*Exercise description:*
Every line from the one holding "Willa Casa Maremar" through the last line of the records must be retyped exactly, and no other line or picture may appear in the copy.

*Data for this task:*
◆ ◆ ◆ ◆ ◆
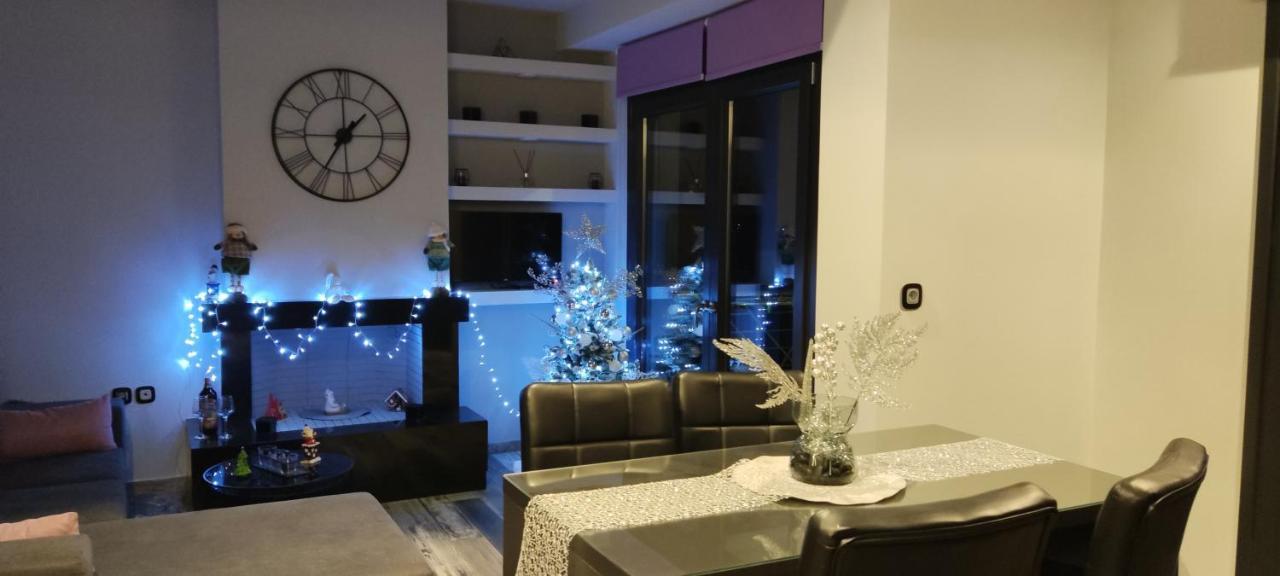 Paraiso Azul Villas Agios Dimitrios  المظهر الخارجي الصورة
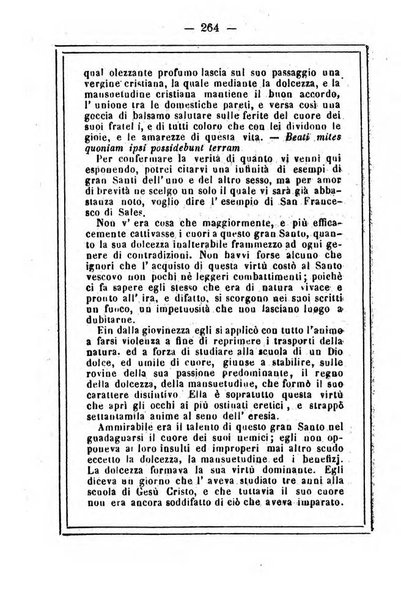 L'angelo delle vergini periodico mensile modenese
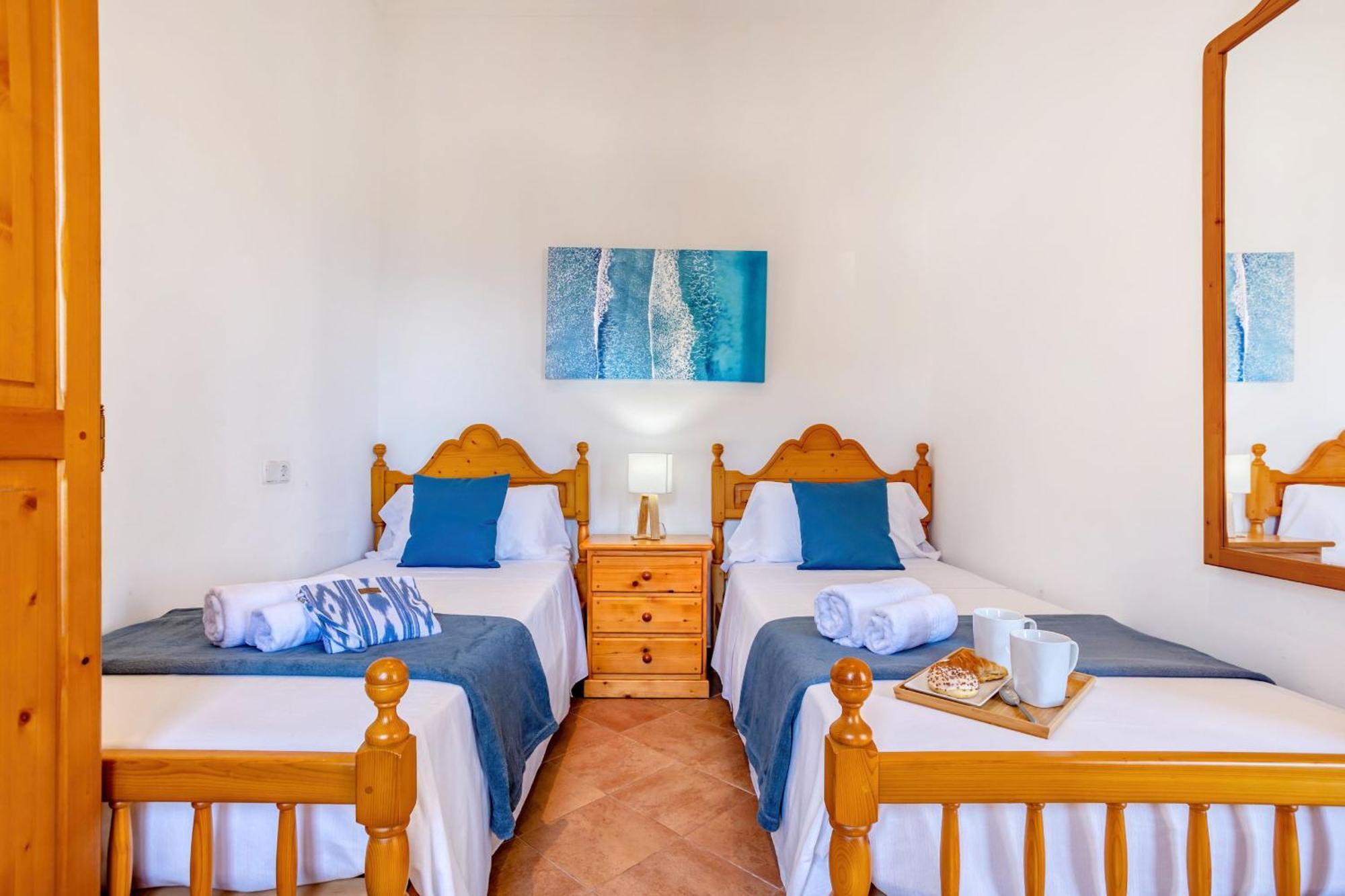 Willa Casa Maremar Cala Figuera  Zewnętrze zdjęcie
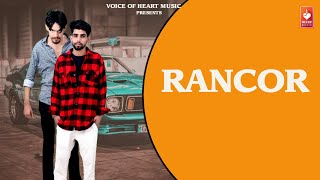 Rancor | New Haryanvi Songs Haryanavi 2024 | Pardeep Churu Aala , Dk Verma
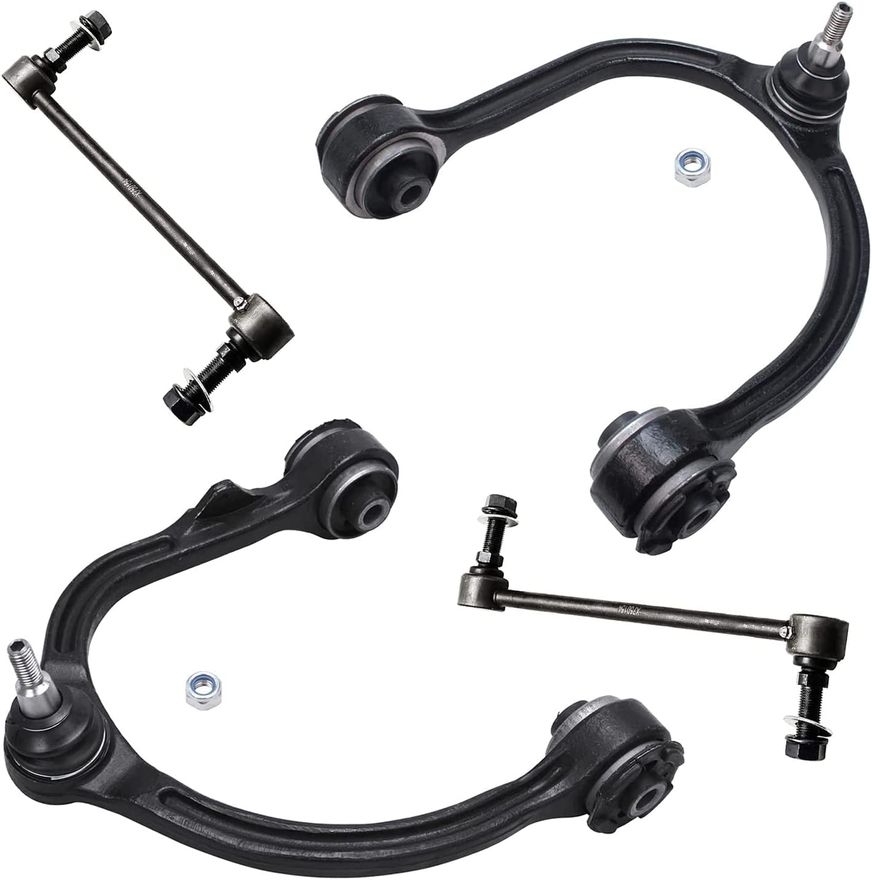 Main Image - Front Upper Control Arms Kit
◆ ◆ ◆ ◆ ◆
*Output below:*
 Willa Casa Maremar Cala Figuera  Zewnętrze zdjęcie
 Rancor | New Haryanvi Songs Haryanavi 2024 | Pardeep Churu Aala , Dk Verma
 Main Image - Front Upper Control Arms Kit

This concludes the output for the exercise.